Only one stretch of the data below is wanted: the lines starting at the one with "Testing for presence" and ending at the one with "2023 Genesis GV70", both included, given again exactly.

Information shown Block Start

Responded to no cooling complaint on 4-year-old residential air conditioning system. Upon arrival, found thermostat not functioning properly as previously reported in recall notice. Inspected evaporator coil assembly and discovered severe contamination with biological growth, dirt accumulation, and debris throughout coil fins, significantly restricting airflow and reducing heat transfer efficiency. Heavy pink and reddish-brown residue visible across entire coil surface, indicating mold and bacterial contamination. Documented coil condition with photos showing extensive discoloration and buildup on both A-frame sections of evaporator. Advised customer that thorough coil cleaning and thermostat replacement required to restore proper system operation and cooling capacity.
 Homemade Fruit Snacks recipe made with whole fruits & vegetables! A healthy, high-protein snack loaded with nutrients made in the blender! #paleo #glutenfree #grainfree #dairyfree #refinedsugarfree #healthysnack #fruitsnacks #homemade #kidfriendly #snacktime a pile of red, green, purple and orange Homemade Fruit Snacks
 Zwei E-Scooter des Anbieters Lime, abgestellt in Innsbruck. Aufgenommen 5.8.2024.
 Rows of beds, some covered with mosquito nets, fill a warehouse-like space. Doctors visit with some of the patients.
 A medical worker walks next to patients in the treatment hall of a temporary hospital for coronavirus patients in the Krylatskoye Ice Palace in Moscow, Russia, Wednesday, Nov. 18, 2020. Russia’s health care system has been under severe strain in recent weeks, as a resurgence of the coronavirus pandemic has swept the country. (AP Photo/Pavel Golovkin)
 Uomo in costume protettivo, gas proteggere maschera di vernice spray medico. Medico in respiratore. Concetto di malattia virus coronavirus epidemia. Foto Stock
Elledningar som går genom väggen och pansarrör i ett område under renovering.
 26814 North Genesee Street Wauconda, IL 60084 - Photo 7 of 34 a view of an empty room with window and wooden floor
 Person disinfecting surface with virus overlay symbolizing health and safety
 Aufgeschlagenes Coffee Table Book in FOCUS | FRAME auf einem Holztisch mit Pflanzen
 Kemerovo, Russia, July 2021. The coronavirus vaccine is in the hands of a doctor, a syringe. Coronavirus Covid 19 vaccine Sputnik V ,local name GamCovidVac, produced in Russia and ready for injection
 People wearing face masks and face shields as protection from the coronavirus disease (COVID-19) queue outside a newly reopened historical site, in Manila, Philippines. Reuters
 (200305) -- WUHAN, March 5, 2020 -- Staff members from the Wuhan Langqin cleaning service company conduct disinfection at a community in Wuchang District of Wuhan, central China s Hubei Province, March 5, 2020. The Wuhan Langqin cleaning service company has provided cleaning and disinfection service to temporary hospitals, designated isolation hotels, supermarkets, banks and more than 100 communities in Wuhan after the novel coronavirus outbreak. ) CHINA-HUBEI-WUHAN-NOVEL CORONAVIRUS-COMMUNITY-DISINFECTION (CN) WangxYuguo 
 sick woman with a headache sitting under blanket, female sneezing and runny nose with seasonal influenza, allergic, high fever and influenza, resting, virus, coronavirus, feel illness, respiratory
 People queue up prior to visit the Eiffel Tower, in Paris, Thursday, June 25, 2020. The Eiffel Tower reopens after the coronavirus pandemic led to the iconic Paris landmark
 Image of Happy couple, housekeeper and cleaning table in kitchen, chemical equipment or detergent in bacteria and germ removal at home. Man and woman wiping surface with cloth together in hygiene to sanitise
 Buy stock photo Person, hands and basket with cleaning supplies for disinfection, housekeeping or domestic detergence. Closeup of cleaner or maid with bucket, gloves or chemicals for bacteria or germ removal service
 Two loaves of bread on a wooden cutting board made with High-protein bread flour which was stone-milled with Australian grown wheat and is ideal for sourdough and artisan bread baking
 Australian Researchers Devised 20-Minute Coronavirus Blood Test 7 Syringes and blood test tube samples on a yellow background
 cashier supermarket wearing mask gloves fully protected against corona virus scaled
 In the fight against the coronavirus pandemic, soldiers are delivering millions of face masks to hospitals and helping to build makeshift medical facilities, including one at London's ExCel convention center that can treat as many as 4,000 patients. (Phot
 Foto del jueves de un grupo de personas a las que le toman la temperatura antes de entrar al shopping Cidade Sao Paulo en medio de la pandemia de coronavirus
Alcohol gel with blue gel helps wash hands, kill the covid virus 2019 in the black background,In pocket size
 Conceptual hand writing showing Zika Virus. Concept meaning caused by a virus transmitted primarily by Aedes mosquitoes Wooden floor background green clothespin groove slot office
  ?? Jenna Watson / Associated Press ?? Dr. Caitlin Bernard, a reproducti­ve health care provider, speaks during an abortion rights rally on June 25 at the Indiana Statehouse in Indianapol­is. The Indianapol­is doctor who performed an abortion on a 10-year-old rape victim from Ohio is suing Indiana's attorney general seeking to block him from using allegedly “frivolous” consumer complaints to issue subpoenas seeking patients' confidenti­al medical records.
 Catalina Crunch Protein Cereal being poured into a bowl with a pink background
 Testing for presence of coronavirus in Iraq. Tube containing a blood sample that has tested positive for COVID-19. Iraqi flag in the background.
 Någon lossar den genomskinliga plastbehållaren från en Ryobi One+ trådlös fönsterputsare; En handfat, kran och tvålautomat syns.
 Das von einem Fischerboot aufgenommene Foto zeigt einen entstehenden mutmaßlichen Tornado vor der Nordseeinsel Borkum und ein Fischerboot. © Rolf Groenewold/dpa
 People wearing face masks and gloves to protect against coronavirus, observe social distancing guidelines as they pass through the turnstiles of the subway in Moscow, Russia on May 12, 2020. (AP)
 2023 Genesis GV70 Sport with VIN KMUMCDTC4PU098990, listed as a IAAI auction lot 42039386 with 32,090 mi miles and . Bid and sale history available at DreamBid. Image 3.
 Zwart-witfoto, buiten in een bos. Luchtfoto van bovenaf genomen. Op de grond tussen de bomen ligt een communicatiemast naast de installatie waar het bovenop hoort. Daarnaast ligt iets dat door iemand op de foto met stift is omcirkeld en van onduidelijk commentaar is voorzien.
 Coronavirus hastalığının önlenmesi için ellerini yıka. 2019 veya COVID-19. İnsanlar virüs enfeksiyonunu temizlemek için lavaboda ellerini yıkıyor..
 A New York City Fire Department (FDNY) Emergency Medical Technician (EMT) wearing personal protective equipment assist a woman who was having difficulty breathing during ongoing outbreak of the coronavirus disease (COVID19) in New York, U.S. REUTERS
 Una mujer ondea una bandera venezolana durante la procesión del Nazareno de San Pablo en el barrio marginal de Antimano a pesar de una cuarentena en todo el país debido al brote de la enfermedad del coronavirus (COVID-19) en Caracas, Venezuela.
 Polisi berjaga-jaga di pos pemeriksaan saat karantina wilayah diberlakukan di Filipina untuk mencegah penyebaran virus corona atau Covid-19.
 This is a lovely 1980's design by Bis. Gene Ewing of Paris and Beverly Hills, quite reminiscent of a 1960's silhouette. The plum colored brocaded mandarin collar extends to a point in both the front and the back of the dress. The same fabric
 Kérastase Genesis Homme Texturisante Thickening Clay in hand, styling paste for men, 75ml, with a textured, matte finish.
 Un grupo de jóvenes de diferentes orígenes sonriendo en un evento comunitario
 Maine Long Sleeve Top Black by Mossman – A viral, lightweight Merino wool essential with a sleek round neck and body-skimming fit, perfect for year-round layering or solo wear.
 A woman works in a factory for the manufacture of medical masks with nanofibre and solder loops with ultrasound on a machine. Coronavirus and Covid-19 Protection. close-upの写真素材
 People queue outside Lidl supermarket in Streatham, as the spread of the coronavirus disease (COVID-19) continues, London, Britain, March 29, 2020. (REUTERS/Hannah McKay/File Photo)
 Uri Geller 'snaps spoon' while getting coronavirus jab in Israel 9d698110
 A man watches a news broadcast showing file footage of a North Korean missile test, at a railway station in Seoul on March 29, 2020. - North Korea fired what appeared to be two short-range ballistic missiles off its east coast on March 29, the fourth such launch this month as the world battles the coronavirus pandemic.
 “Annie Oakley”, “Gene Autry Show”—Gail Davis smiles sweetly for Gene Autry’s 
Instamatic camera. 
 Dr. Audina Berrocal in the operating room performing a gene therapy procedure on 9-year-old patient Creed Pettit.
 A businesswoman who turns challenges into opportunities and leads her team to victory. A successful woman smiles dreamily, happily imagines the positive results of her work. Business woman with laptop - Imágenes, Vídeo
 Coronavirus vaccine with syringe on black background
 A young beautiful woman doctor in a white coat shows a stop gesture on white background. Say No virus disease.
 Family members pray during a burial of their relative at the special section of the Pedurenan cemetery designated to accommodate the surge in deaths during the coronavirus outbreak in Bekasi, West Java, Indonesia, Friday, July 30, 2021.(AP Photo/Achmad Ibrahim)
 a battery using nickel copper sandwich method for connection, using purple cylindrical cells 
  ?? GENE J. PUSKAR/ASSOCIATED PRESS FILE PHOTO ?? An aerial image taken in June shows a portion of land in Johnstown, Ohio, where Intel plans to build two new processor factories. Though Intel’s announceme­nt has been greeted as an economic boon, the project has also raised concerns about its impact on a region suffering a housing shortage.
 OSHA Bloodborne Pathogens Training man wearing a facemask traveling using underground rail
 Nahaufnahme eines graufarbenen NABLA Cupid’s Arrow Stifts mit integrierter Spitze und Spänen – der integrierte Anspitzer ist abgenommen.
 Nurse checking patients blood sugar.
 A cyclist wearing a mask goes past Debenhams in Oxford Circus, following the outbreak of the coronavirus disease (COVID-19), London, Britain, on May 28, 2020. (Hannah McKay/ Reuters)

Information shown Block End

Written response –
 Testing for presence of coronavirus in Iraq. Tube containing a blood sample that has tested positive for COVID-19. Iraqi flag in the background.
 Någon lossar den genomskinliga plastbehållaren från en Ryobi One+ trådlös fönsterputsare; En handfat, kran och tvålautomat syns.
 Das von einem Fischerboot aufgenommene Foto zeigt einen entstehenden mutmaßlichen Tornado vor der Nordseeinsel Borkum und ein Fischerboot. © Rolf Groenewold/dpa
 People wearing face masks and gloves to protect against coronavirus, observe social distancing guidelines as they pass through the turnstiles of the subway in Moscow, Russia on May 12, 2020. (AP)
 2023 Genesis GV70 Sport with VIN KMUMCDTC4PU098990, listed as a IAAI auction lot 42039386 with 32,090 mi miles and . Bid and sale history available at DreamBid. Image 3.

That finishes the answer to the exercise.